HOW TO COMPLETE THIS TASK >> Leave the pictures out. Retype exactly the lines below from the one containing "3 Piece King" through the one containing "Pink Computer processor", and no others.

WORKING DATA >>
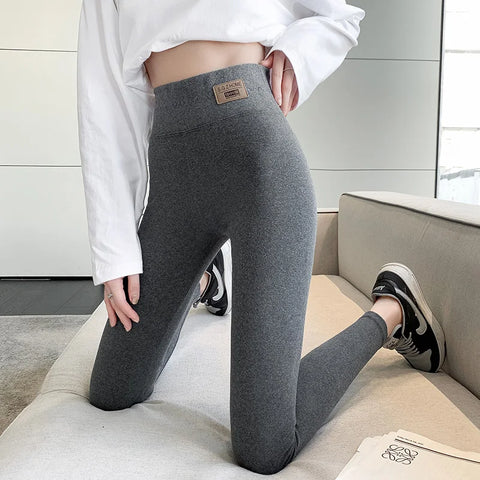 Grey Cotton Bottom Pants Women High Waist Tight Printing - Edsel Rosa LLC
--
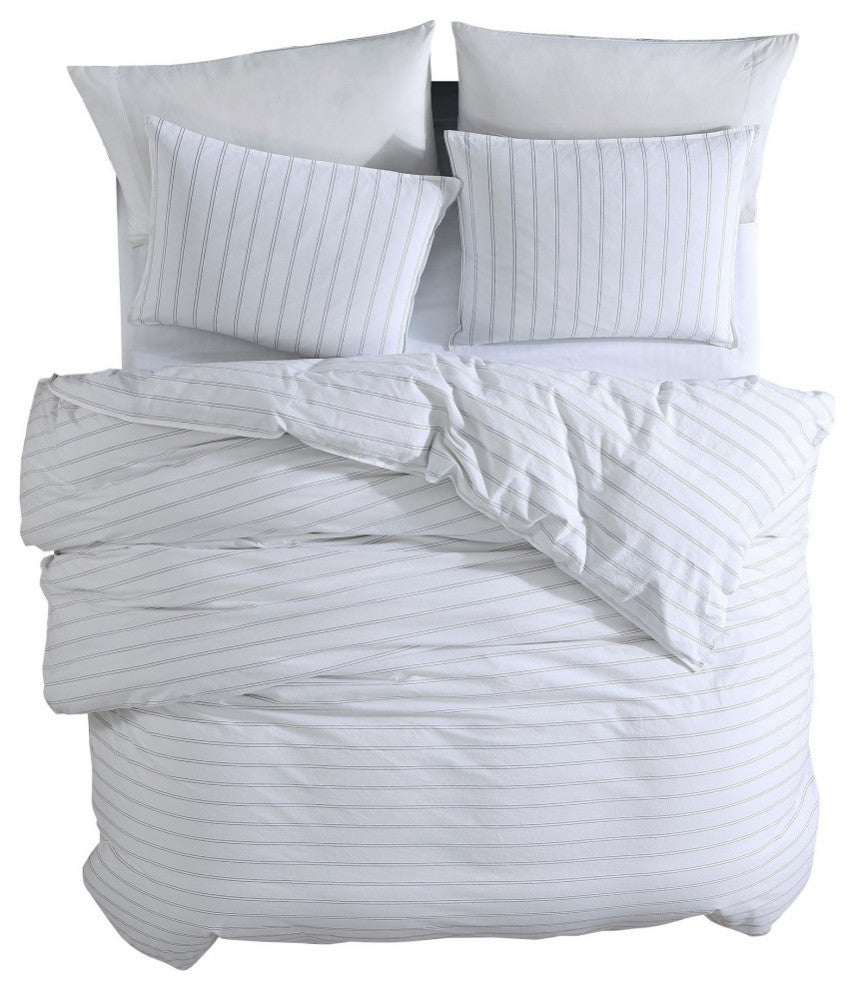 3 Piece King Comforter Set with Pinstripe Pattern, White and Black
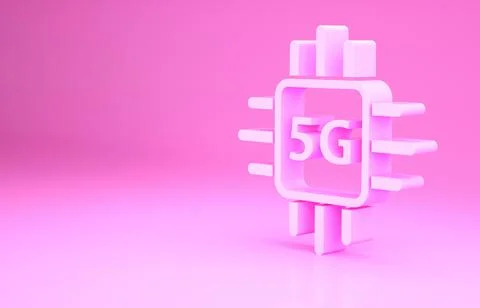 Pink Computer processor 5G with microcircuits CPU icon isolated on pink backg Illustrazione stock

EXPECTED ANSWER >>
 3 Piece King Comforter Set with Pinstripe Pattern, White and Black
 Pink Computer processor 5G with microcircuits CPU icon isolated on pink backg Illustrazione stock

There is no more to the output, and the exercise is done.